The other day I posted some thoughts on 1776, the book by David McCullough. Today the Washington Post has an opinion piece by Joseph Ellis, a professor at Mt. Holyoke, suggesting that the question of what our founding fathers would do today (in Iraq) was pretty meaningless, since they would not understand the question, and are centuries dead so we can't ask it of them. He substitutes the question of what studying them leads him to believe about the present situation. Good point!

He also says:
Washington eventually realized -- and it took him three years to have this epiphany -- that the only way he could lose the Revolutionary War was to try to win it. The British army and navy could win all the major battles, and with a few exceptions they did; but they faced the intractable problem of trying to establish control over a vast continent whose population resented and resisted military occupation.
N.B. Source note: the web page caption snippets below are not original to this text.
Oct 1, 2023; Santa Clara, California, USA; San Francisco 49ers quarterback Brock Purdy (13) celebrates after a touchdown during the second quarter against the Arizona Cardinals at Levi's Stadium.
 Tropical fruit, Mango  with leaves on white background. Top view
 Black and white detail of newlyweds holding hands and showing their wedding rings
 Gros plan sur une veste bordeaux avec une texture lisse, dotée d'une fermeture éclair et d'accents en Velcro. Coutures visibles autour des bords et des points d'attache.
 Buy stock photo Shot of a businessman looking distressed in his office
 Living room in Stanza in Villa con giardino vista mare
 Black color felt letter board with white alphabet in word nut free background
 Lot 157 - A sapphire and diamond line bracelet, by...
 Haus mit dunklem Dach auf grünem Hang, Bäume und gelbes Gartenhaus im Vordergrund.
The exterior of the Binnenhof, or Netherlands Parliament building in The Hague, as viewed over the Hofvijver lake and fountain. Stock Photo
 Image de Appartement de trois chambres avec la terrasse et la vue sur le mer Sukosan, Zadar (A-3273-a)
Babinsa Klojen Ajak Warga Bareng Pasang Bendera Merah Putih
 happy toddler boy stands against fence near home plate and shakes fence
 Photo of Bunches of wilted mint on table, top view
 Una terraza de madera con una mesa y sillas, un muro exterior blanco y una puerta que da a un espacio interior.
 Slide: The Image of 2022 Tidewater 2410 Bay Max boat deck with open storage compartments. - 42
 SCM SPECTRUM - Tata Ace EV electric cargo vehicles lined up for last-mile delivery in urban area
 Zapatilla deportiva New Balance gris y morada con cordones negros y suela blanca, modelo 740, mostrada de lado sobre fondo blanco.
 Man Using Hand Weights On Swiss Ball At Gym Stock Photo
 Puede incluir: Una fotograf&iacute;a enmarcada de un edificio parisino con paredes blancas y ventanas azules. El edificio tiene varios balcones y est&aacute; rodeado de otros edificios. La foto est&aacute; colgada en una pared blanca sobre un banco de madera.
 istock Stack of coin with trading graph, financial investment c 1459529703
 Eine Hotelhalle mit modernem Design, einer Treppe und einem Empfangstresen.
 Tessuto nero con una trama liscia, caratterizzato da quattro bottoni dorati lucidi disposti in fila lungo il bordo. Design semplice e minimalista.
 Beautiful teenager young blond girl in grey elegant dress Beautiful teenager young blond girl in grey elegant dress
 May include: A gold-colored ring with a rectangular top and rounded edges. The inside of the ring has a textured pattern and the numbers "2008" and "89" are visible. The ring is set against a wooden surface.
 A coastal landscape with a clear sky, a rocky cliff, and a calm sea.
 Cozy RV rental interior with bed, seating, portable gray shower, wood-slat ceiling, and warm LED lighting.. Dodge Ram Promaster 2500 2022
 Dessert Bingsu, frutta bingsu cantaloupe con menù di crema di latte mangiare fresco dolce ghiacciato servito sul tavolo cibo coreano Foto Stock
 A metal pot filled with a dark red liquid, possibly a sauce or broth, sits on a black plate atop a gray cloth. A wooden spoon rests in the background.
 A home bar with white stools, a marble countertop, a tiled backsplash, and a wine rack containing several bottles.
As the old counterinsurgency mantra goes, Washington won by not losing, and the British lost by not winning. Our dilemma in Iraq is analogous to the British dilemma in North America -- and is likely to yield the same outcome.
Comment: Well said. Of course, with a couple of centuries more experience, it is easier for us to see the nature of anti-colonial insurgency, so the few years it took for Washington to realize the nature of the war he was fighting should not be held against him.

However, I think Ellis' extrapolation to Iraq may be wrong on one point. The English could not hold the colonies by force because they could not afford to do so, and were they seriously to have tried the French would probably have "eaten their lunch". The United States will not hold Iraq by force because our governmental process will not choose to do so. In part, the difference is one between a colonial power and an anti-colonial power. On the other hand, it is also due to the fact that the citizens, voters, and power structure of this country don't care enough about Iraq to spend the money and lives that it would take to do so, and the public would eventually be sickened by the television coverage of the violence needed to hold captive an foreign people.

Still, the Ellis' basic point is important. It is very difficult and expensive to hold subject a people who don't want to be controlled at a distance of thousands of miles.